**WORKING DATA:**
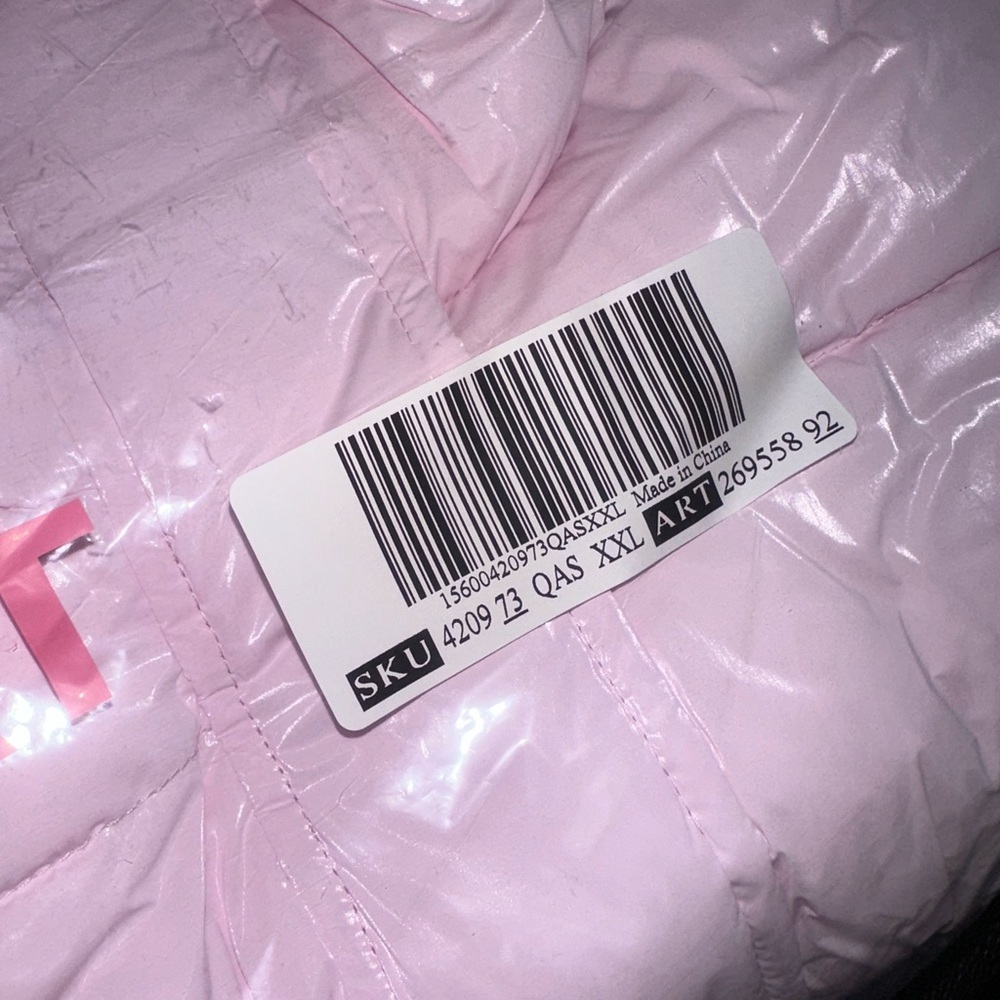 Pink High shine marshmallow Puffer Vest by pink Victoria’s Secret xxl nwt! - Picture 9 of 9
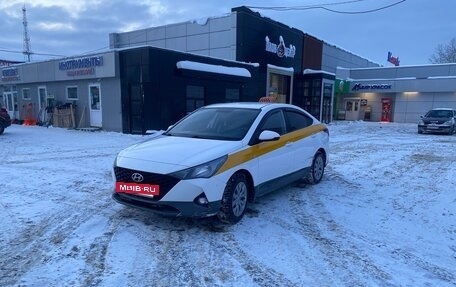 Hyundai Solaris II рестайлинг, 2021 год, 900 000 рублей, 2 фотография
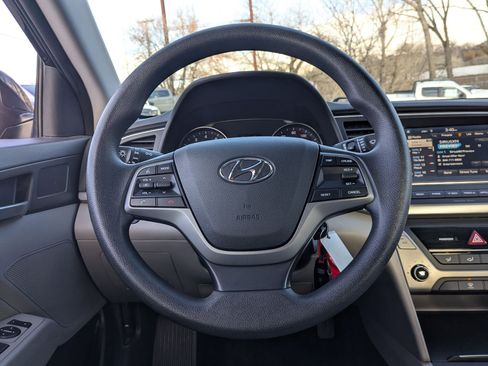Used 2017 Hyundai Elantra SE image 18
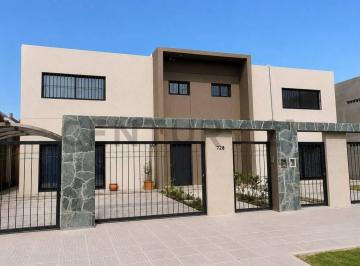 Casa · 150m² · 4 Ambientes · 1 Cochera · Venta Casa 4 Ambientes con Gran Parque, Parrilla y Cochera – Villa Alemania, Hurlingham
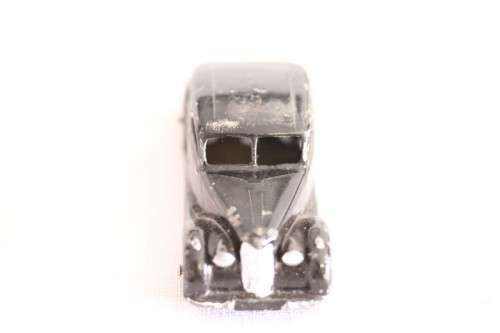 **RS17** An original vintage (c1948) Dinky Toys No. 40A black Riley Saloon die-cast model car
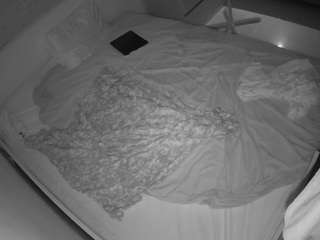 camsoda voyeurcam-julmodels-greybed-1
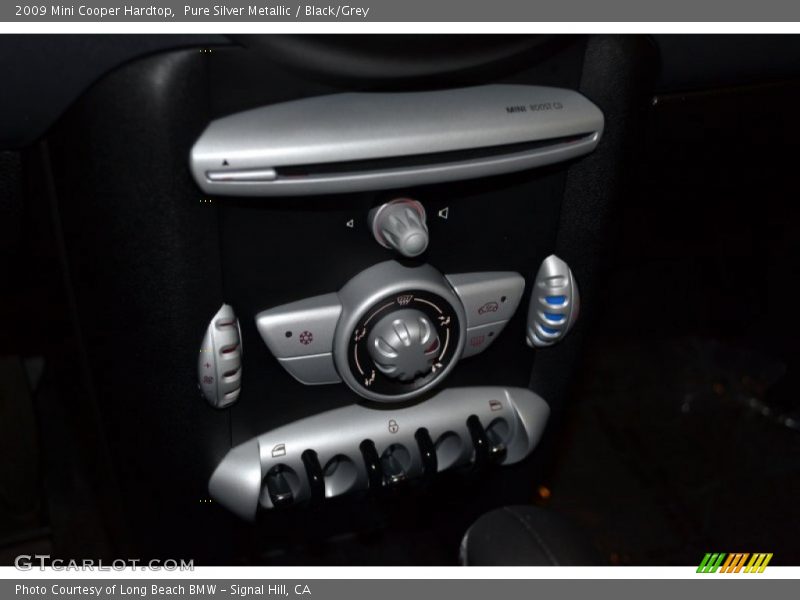 Pure Silver Metallic / Black/Grey 2009 Mini Cooper Hardtop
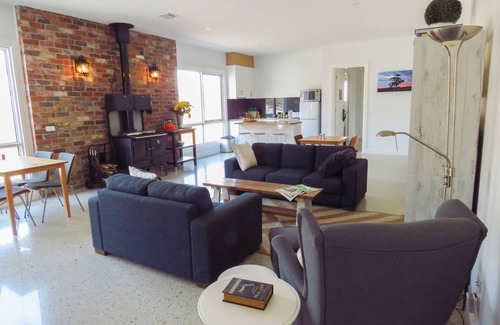 Bullengarook Bed & Breakfast | Rooks Edge B&B -Room 2 - Stunning views-romantic getaway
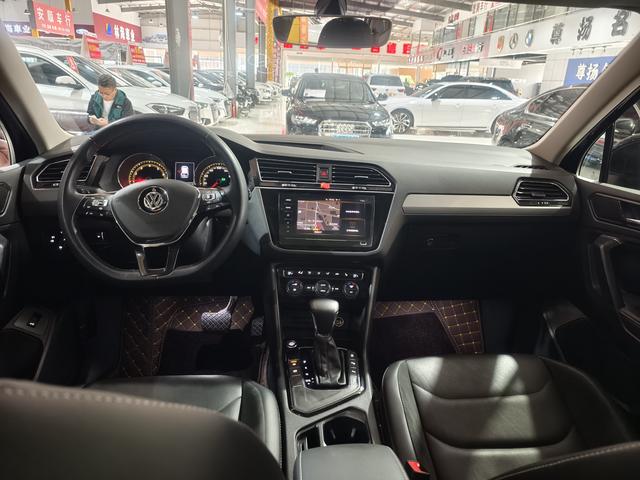 Volkswagen Tiguan L 2020 car image #9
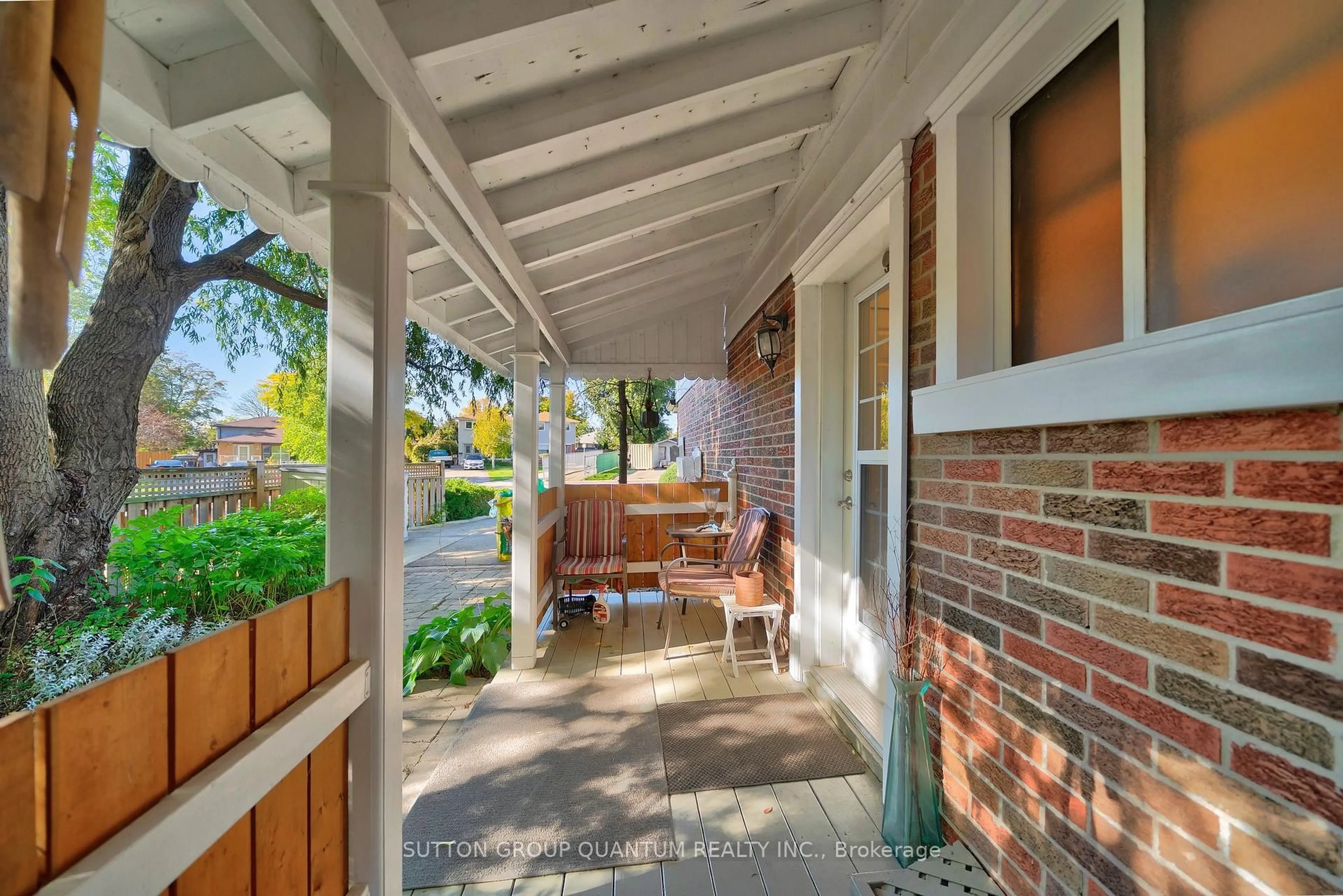 Patio, street for 1224 Fairdale Dr, Mississauga Ontario L5C 1K4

**TASK TO COMPLETE:** Return the listing above verbatim and exclude every picture.

**YOUR SOLUTION:**
 Pink High shine marshmallow Puffer Vest by pink Victoria’s Secret xxl nwt! - Picture 9 of 9
 Hyundai Solaris II рестайлинг, 2021 год, 900 000 рублей, 2 фотография
Used 2017 Hyundai Elantra SE image 18
 Casa · 150m² · 4 Ambientes · 1 Cochera · Venta Casa 4 Ambientes con Gran Parque, Parrilla y Cochera – Villa Alemania, Hurlingham
 **RS17** An original vintage (c1948) Dinky Toys No. 40A black Riley Saloon die-cast model car
 camsoda voyeurcam-julmodels-greybed-1
 Pure Silver Metallic / Black/Grey 2009 Mini Cooper Hardtop
 Bullengarook Bed & Breakfast | Rooks Edge B&B -Room 2 - Stunning views-romantic getaway
 Volkswagen Tiguan L 2020 car image #9
 Patio, street for 1224 Fairdale Dr, Mississauga Ontario L5C 1K4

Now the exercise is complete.